* Given information:
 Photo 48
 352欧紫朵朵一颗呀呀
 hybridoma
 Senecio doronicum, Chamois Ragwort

--

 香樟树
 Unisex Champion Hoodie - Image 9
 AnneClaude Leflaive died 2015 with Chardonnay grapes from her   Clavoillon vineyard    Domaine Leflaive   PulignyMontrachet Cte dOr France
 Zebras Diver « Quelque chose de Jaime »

==

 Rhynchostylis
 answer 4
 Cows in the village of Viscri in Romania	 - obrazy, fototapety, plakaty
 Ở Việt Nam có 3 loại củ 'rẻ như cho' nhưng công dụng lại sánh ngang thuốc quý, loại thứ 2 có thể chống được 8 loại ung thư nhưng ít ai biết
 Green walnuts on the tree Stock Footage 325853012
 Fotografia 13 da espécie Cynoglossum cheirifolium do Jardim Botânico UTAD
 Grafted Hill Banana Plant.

* Problem statement: Above are some lines. Repeat exactly, and only, those from the line that has "Ở Việt Nam có" through the line that has "Grafted Hill Banana Plant.".

* Answer:
 Ở Việt Nam có 3 loại củ 'rẻ như cho' nhưng công dụng lại sánh ngang thuốc quý, loại thứ 2 có thể chống được 8 loại ung thư nhưng ít ai biết
 Green walnuts on the tree Stock Footage 325853012
 Fotografia 13 da espécie Cynoglossum cheirifolium do Jardim Botânico UTAD
 Grafted Hill Banana Plant.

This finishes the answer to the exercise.